[<prev] [next>] [<thread-prev] [thread-next>] [day] [month] [year] [list]
Message-ID: <20121115095020.GH9676@otc-wbsnb-06>
Date: Thu, 15 Nov 2012 11:50:20 +0200
From: "Kirill A. Shutemov" <kirill.shutemov@...ux.intel.com>
To: David Rientjes <rientjes@...gle.com>
Cc: Andrew Morton <akpm@...ux-foundation.org>,
Andrea Arcangeli <aarcange@...hat.com>, linux-mm@...ck.org,
Andi Kleen <ak@...ux.intel.com>,
"H. Peter Anvin" <hpa@...ux.intel.com>,
linux-kernel@...r.kernel.org,
"Kirill A. Shutemov" <kirill@...temov.name>
Subject: Re: [PATCH v5 10/11] thp: implement refcounting for huge zero page
On Wed, Nov 14, 2012 at 03:40:37PM -0800, David Rientjes wrote:
> On Wed, 7 Nov 2012, Kirill A. Shutemov wrote:
>
> > From: "Kirill A. Shutemov" <kirill.shutemov@...ux.intel.com>
> >
> > H. Peter Anvin doesn't like huge zero page which sticks in memory forever
> > after the first allocation.

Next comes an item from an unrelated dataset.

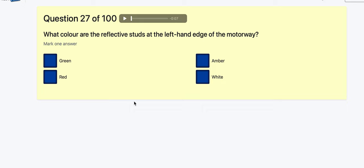Question 27: What colour are the reflective studs on the left-hand edge of the motorway? Red is pretty much 'don't go there', so I'm going for red. White is in the middle of the lanes, amber is on the central reservation, and green is for the slip roads.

Here's implementation of lockless refcounting
> > for huge zero page.
> >
> > We have two basic primitives: {get,put}_huge_zero_page(). They
> > manipulate reference counter.
> >
> > If counter is 0, get_huge_zero_page() allocates a new huge page and
> > takes two references: one for caller and one for shrinker. We free the
> > page only in shrinker callback if counter is 1 (only shrinker has the
> > reference).
> >
> > put_huge_zero_page() only decrements counter. Counter is never zero
> > in put_huge_zero_page() since shrinker holds on reference.
> >
> > Freeing huge zero page in shrinker callback helps to avoid frequent
> > allocate-free.
> >
> > Refcounting has cost. On 4 socket machine I observe ~1% slowdown on
> > parallel (40 processes) read page faulting comparing to lazy huge page
> > allocation. I think it's pretty reasonable for synthetic benchmark.
> >
>
> Eek, this is disappointing that we need to check a refcount before
> referencing the zero huge page
No we don't. It's parallel *read* page fault benchmark meaning we
map/unmap huge zero page all the time. So it's pure synthetic test to show
refcounting overhead.
If we see only 1% overhead on the synthetic test we will not see it in
real world workloads.
> and it obviously shows in your benchmark
> (which I consider 1% to be significant given the alternative is 2MB of
> memory for a system where thp was enabled to be on). I think it would be
> much better to simply allocate and reference the zero huge page locklessly
> when thp is enabled to be either "madvise" or "always", i.e. allocate it
> when enabled.
--
Kirill A. Shutemov
Download attachment "signature.asc" of type "application/pgp-signature" (837 bytes)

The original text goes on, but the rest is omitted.